━━━━━ EXERCISE MATERIALS
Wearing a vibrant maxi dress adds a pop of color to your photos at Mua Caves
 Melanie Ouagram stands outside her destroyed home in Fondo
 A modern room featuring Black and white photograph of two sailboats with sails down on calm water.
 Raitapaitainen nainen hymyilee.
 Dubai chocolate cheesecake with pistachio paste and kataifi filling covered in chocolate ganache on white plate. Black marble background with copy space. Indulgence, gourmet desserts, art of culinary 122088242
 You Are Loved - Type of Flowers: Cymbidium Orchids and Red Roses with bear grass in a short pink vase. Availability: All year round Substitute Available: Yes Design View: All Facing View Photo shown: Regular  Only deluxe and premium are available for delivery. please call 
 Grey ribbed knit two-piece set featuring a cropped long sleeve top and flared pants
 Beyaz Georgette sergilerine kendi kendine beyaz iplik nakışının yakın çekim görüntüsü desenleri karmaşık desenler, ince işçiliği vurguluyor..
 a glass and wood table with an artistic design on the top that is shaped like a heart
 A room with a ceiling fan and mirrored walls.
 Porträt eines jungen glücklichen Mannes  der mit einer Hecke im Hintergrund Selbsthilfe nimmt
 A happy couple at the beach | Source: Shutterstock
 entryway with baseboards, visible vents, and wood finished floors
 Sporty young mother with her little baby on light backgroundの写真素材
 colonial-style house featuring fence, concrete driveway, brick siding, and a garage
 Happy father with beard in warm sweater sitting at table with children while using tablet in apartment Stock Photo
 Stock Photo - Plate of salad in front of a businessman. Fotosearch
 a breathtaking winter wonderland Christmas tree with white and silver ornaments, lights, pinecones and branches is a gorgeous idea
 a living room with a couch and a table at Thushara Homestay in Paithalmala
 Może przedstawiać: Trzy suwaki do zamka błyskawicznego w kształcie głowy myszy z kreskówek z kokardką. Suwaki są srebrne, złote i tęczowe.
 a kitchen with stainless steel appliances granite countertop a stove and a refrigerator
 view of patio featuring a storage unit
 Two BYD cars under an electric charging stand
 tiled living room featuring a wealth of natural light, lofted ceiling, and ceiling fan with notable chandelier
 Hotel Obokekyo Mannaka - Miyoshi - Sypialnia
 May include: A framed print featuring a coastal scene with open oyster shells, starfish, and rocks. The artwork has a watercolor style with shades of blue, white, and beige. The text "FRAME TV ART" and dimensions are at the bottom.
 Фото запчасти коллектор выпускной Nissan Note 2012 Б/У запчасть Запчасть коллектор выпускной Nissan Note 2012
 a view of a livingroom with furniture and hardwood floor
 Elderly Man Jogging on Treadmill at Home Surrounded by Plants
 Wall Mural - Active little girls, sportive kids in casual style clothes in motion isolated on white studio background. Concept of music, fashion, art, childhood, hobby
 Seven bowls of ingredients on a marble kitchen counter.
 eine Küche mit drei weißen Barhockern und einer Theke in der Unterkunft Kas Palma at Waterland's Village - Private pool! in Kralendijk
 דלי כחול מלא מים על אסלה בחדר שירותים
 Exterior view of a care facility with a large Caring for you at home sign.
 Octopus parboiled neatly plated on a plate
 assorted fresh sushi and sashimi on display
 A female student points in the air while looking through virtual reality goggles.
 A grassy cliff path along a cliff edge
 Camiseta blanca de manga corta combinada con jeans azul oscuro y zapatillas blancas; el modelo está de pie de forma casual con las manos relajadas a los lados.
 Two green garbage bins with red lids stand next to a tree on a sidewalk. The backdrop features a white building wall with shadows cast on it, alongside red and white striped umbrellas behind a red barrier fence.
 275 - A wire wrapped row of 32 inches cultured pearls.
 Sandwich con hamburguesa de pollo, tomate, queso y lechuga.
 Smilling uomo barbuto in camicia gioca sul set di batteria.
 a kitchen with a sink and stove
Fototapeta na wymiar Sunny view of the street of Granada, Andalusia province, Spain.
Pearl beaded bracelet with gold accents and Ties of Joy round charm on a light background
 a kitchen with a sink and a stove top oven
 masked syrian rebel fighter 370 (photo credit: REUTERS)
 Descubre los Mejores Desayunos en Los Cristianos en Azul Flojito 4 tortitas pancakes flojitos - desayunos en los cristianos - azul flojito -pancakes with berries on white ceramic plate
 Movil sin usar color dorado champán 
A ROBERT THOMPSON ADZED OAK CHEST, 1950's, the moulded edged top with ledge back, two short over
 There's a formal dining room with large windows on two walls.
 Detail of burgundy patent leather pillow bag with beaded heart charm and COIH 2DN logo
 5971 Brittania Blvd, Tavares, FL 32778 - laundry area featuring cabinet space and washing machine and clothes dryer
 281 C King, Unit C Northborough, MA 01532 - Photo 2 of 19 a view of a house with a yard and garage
━━━━━━━━━━
■ EXERCISE PROMPT ■
Of the entries listed above, reproduce only the lines starting at the line containing "Seven bowls of" and ending at the line containing "assorted fresh sushi and sashimi on display". Include both, exactly as they stand.

■ EXERCISE OUTPUT ■
 Seven bowls of ingredients on a marble kitchen counter.
 eine Küche mit drei weißen Barhockern und einer Theke in der Unterkunft Kas Palma at Waterland's Village - Private pool! in Kralendijk
 דלי כחול מלא מים על אסלה בחדר שירותים
 Exterior view of a care facility with a large Caring for you at home sign.
 Octopus parboiled neatly plated on a plate
 assorted fresh sushi and sashimi on display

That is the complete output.